Tiny sensor used to track the migratory patterns of monarch butterflies
Date:
May 2, 2022
Source:
University of Pittsburgh
Summary:
Scientists have developed a tracking system that can be attached
to monarch butterflies and transmit data about their location all
throughout their three-month migratory journey south.
FULL STORY ========================================================================== Millions of monarch butterflies migrate each fall to a specific cluster
of mountain peaks in central Mexico. How exactly they navigate to their
winter home, and the way they choose their path, is a topic of great
interest to scientists -- especially as climate change redirects their
chosen path.
========================================================================== Inhee Lee, assistant professor of electrical and computer engineering at
the University of Pittsburgh, is part of a team developing a tracking
system that could be attached to monarch butterflies and transmit data
about their location all throughout the three month journey south. A
paper detailing these findings recently won the Best Paper Award at the
MobiCom 2021 Conference.
"Tracking animal migration is a critical ecosystem indicator," said Lee.

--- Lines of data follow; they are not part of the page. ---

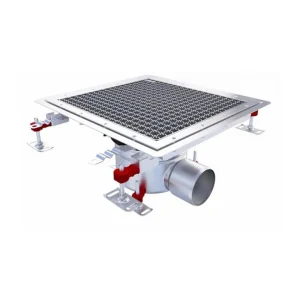 Caniveau Epur inox complet sol souple caillebotis 400×400 horizontale DN110 telescopique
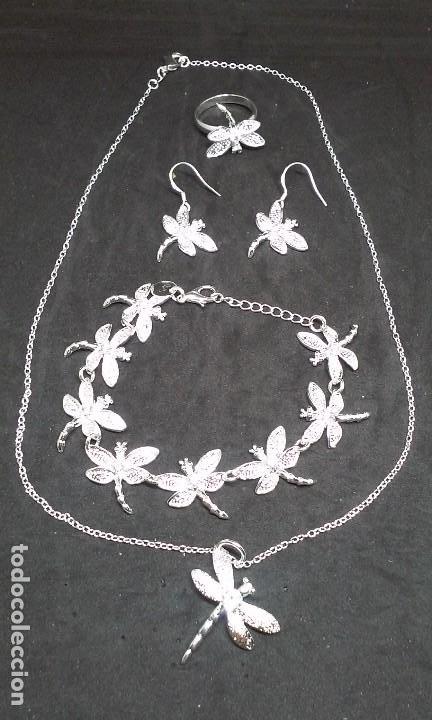 Joyeria: CONJUNTO COLGANTE PULSERA PENDIENTES Y ANILLO EN PLATA - Foto 1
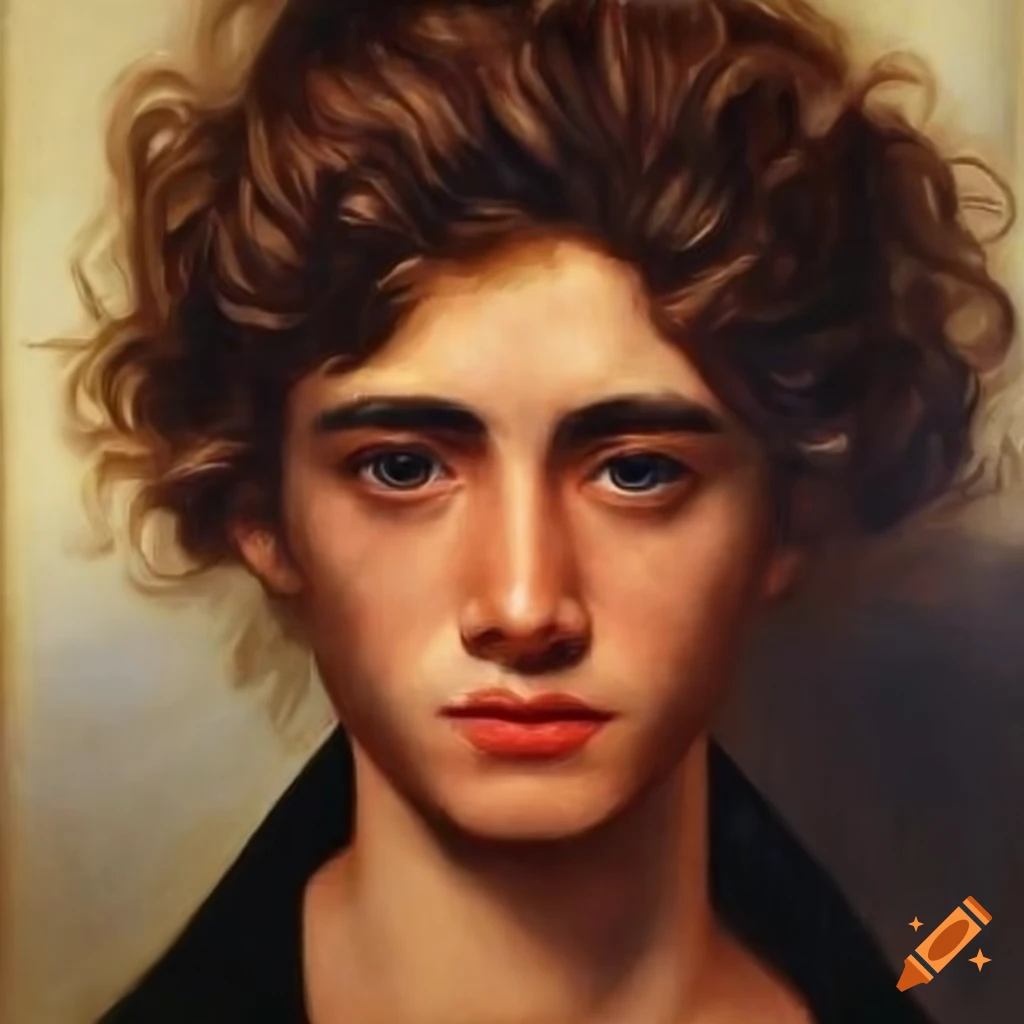 Oil painting of a confident and powerful male god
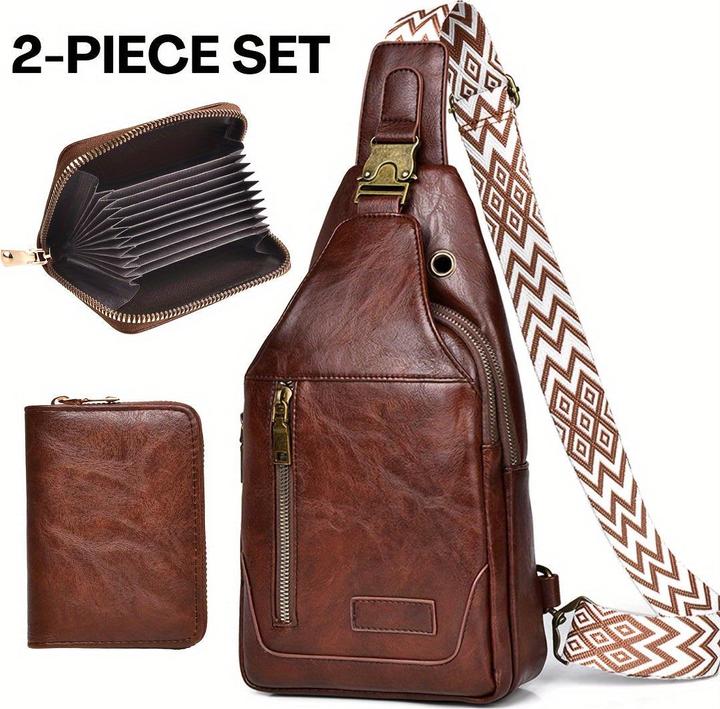 Produktbild Only-Bags.Store Leder Umhängetasche Set: PU-Material, wasserdicht, grosses Fassungsvermögen, geeignet für Studenten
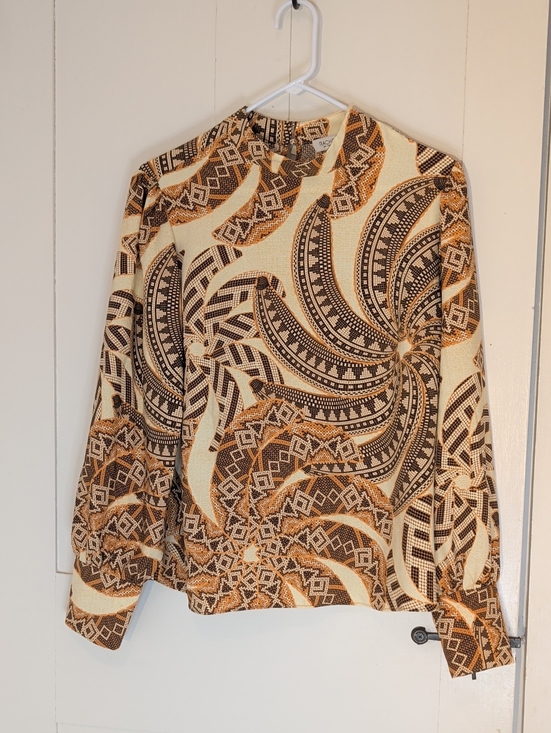 Rachel Zoe Tops - Rachel Zoe Blouse Brown Cream Tan Aztec Swirl-Print Long Gathered Sleeve L Top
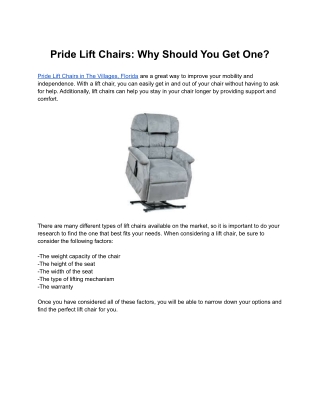 Pride Lift Chairs: Why Should You Get One?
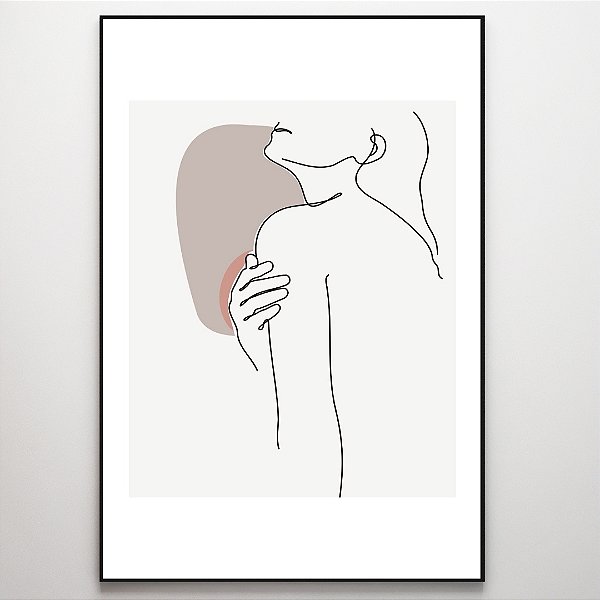 Quadro Decorativo Mulher em linhas fundo neutro.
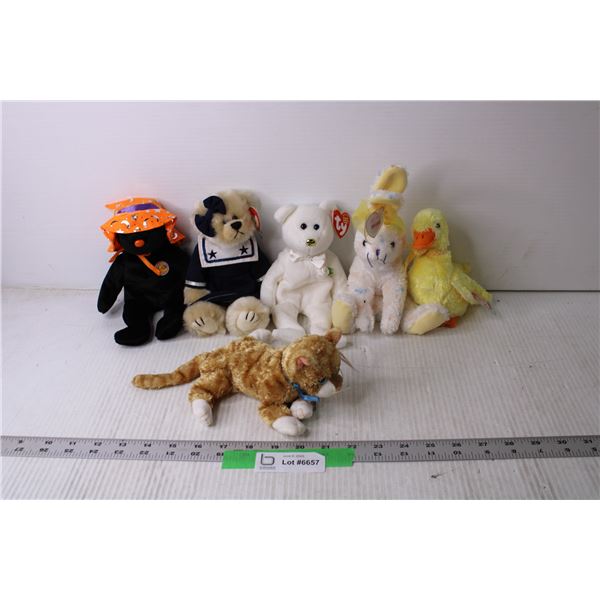 (6) Assorted Beanie Babies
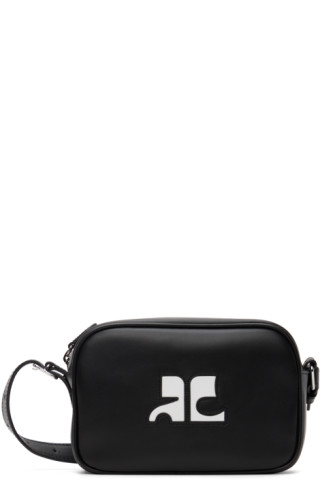 Courreges Logo-patch Leather Shoulder Bag in Black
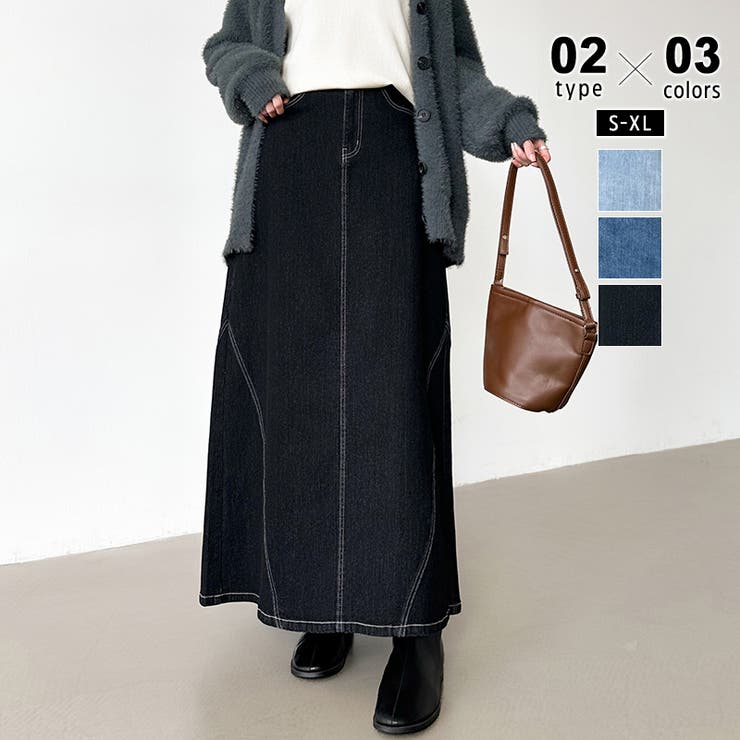 レギュラー丈・ブラック | ストレッチ抜群「楽革命」デニムスカート 楽革命デニムスカート デニムスカート | COCOMOMO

"Migrators travel long distances across entire continents, and it
can give us unprecedented insight into their migratory paths, how the environment around them is changing, and how species interactions are
impacted by changing movements and distributions." Previously, only
larger animal migrators can be tracked for significant portions of their migration. Insect migrators, however, make up an enormous portion of the
total migrators across the world. To track them, researchers have created
a new wireless sensing platform called mSAIL, specifically designed for
monarch migration.
The tiny, 62 mg, 8x8x2.6 mm chip is attached to the butterfly's
back and can simultaneously measure light intensity and temperature,
wirelessly communicating that information back to researchers once
the butterflies reach their destination. The system will use a deep learning-based localization algorithm to reconstruct the butterfly's
migration trajectory after it has made the journey.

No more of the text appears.